There are clear performance tradeoffs between eager and lazy loading objects from a database.
If you use eager loading, you suck a ton of data in a single query, which you can then cache. This is most common on application startup. You are trading memory consumption for database round trips.
If you use lazy loading, you suck a minimal amount of data in a single query, but any time you need more information related to that initial data it requires more queries to the database and database performance hits are very often the major performance bottleneck in most applications.
So, in general, you always want to retrieve exactly the data you will need for the entire "unit of work", no more, no less. In some cases, you may not know exactly what you need (because the user is working through a wizard or something similar) and in that case it probably makes sense to lazy load as you go.
If you are using an ORM and focused on adding features quickly and will come back and optimize performance later (which is extremely common and a good way to do things), having lazy loading being the default is the correct way to go. If you later find (through performance profiling/analysis) that you have one query to get an object and then N queries to get the N objects related to that original object, you can change that piece of code to use eager loading to only hit the database once instead of N+1 times (the N+1 problem is a well known downside of using lazy loading).
The usual tradeoff for lazy loading is that you make a smaller hit on the database up front, but you end up making more hits on it long-term.
Without lazy loading, you'll grab an entire object graph up front, sucking down a large chunk of data at once. This could, potentially, cause lag in your UI, and so it is often discouraged. However, if you have a common object graph (not just single object - otherwise it wouldn't matter!) that you know will be accessed frequently, and top to bottom, then it makes sense to pull it down at once.
As an example, if you're doing an order management system, you probably won't pull down all the lines of every order, or all the customer information, on a summary screen. Lazy loading prevents this from happening.
I can't think of a good example for not using it offhand, but I'm sure there are cases where you'd want to do a big load of an object graph, say, on application initialization, in order to avoid lags in processing further down the line.
The short version is this:
Development is simpler if you use lazy loading. You just traverse object relationships in a natural OO way, and you get what you need when you ask for it.
Performance is generally better if you figure out what you need before you ask for it, and ask for it in one trip to the database.
For the past few years we've been focusing on quick development times. Now that we have a solid app and userbase, we're optimizing our data access.
If you are using a webservice between the client and server handling the database access using nhibernate it might be problematic using lazy loading since the object will be serialized and sent over the webservice and subsequent usage of "objects" further down in the object relationship needs a new trip to the database server using additional webservices. In such an instance it might not be too good using lazy loading. A word of caution, be careful in what you fetch if you turn lazy loading of, its way to easy to not think this through and through and end up fetching almost the whole database...

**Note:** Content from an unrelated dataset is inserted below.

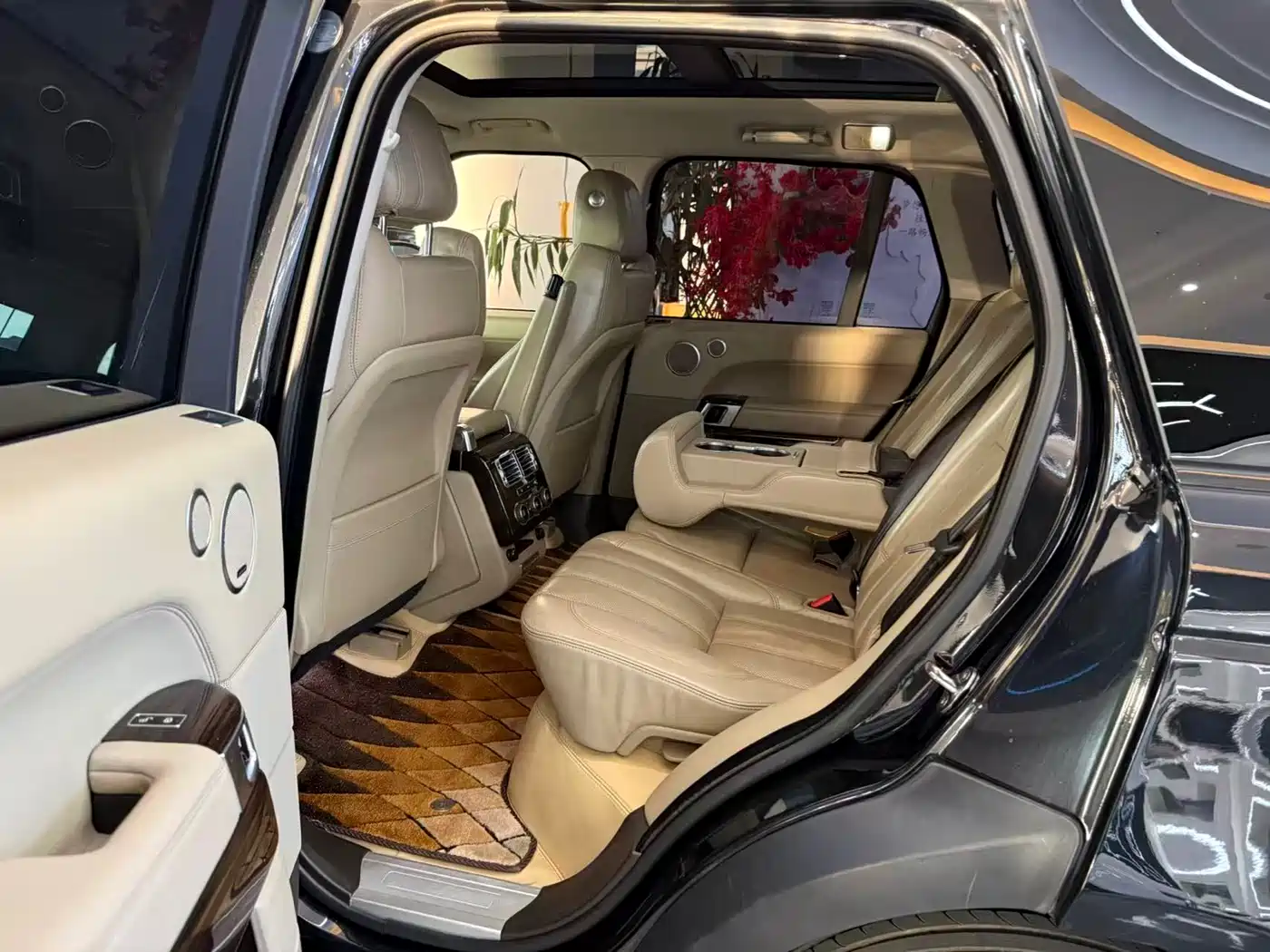 Land Rover Range Rover 2014 3.0 SC V6 Vogue фото 6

I have seen many performance problems aring from wrong loading behaviour configuration in Hibernate. The situation is quite the same with NHibernate I think. My recommendation is to always use lazy relations and then use eager fetching statemetns in your query - like fetch joins - . This ensures you are not loading to much data and you can avoid to many SQL queries.
It is easy to make a lazy releation eager by a query. It is nearly impossible the other way round.